Chegou o dia! Depois de (literalmente) marchas e contramarchas, de denúncias, contradenúncias e (!!!) autodenúncias, a bola vai rolar.
Certamente teremos belíssimos
momentos do que se chama de "futebol arte", protagonizados por
artistas do quilate de Neymar, Cristiano Ronaldo, Messi, Pirlo, Iniesta, Suárez
etc. Mas também teremos muita bobajada, esparramada pelos meios de comunicação,
sobretudo o rádio e a TV. Já estou preparado para as inevitáveis manifestações
de ufanismo estúpido, que me causam o que hoje se chama de "vergonha
alheia".
Se um argentino cuspir na cara
de um brasileiro ou se fizer um gol com a mão, algum gênio dirá que o "hermano"

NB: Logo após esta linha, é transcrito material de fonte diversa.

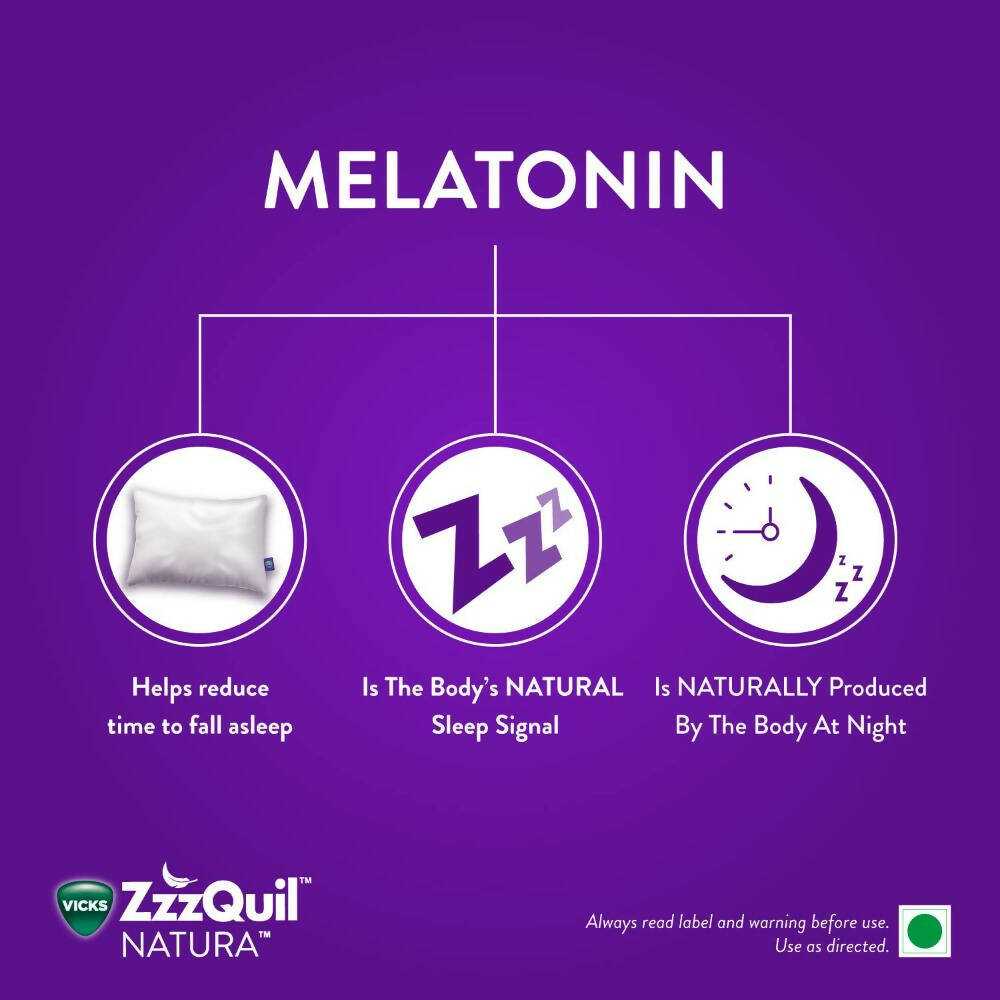Vicks ZzzQuil Natura Melatonin Sleep Gummies | Swadesiicart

é um criminoso, que deveria receber o vermelho etc. Se um dos nossos fizer
isso, o gênio dirá que é "malandragem", "faz parte do
jogo".
Na Copa de 94, um episódio me
deixou profundamente envergonhado. Terminado o jogo final, partiu-se para a
sempre tenebrosa cobrança de penalidades. Sorridentes, os goleiros Taffarel e
Pagliuca caminharam abraçados para o patíbulo, digo, para a trave contra a qual
seriam desferidos os tiros livres. Na TV, um narrador soltou uma pérola
parecida com isto: "Sai dele, Taffarel, ele quer jogar mandinga em
você". O longo abraço de Taffarel e Pagliuca, que tinha forte valor
simbólico, foi visto pelo narrador como mote para o desfile da sua pobreza
mental.
Ainda há uma parcela da
população que segue a triste cartilha desses idiotas, mas parece-me que,
felizmente, ela é minoritária. O genial Zidane já esteve no Brasil algumas
vezes depois de ter sido o nosso algoz e sempre foi muito bem recebido por
aqui.
Parece que a parte saudável da
população está aprendendo a conviver com a ideia de que no esporte não há
inimigos; há adversários, que, na essência, são a nossa razão de ser. O que
seria da equipe X se ela não tivesse um adversário para enfrentar?
Mais uma vez, recorro a
Drummond. Depois da derrota de 1982 (com apenas cinco minutos de jogo, um gênio
da TV disse que "a Itália parece cansada, fadada a tomar uma
goleada"), nosso grande Mestre escreveu esta maravilha: "E chego à
conclusão de que a derrota, para a qual nunca estaremos preparados, de tanto
não a desejarmos nem a admitirmos previamente, é afinal instrumento de
renovação da vida. Tanto quanto a vitória, a derrota estabelece um jogo
dialético que constitui o próprio modo de estar no mundo. Se uma sucessão de
derrotas é arrasadora, também a sucessão constante de vitórias traz consigo o
germe de apodrecimento das vontades, a languidez dos estados pós-voluptuosos,
que inutiliza o indivíduo e a comunidade atuantes. Perder implica remoção de
detritos: começar de novo".
Não se trata de desejar a
derrota, mas de admiti-la como algo possível, o que, no mínimo, nos livra de
dizer besteiras em profusão.
Encerro com a belíssima e
comovente "Coração do Mundo" (melodia de Marcos Valle; letra de Paulo
Sérgio Valle), renovada (e melhorada) no ano passado (a versão original é da
Copa de 70) e gravada mais uma vez pelos comoventes "Golden Boys":
"Eu hoje, igual a todo brasileiro / Vou passar o dia inteiro / Entre
faixas e bandeiras coloridas / Parece até que eu estou em campo /Buscando a paz
nos quatro cantos / Aquele gesto de erguer a taça ao povo / Brasileiros, vamos
todos buscar a vitória / Nós queremos lutar pela taça / De melhor, entre os
mais / Nessa hora a distância não tem mais sentido / Nosso grito de gol é
ouvido / Pelo chão, pelo ar / Agora, só tenho a Copa em minha mente / A Seleção
na minha frente / Torcer, vibrar, mas afinal brilhar no mundo / Sou um vencedor
no mundo / Sou do coração do mundo / Eu sou um cidadão do mundo / Eu sou, eu
sou, eu sou...".
Que a Copa nos faça melhores e
motive o convívio civilizado. É isso.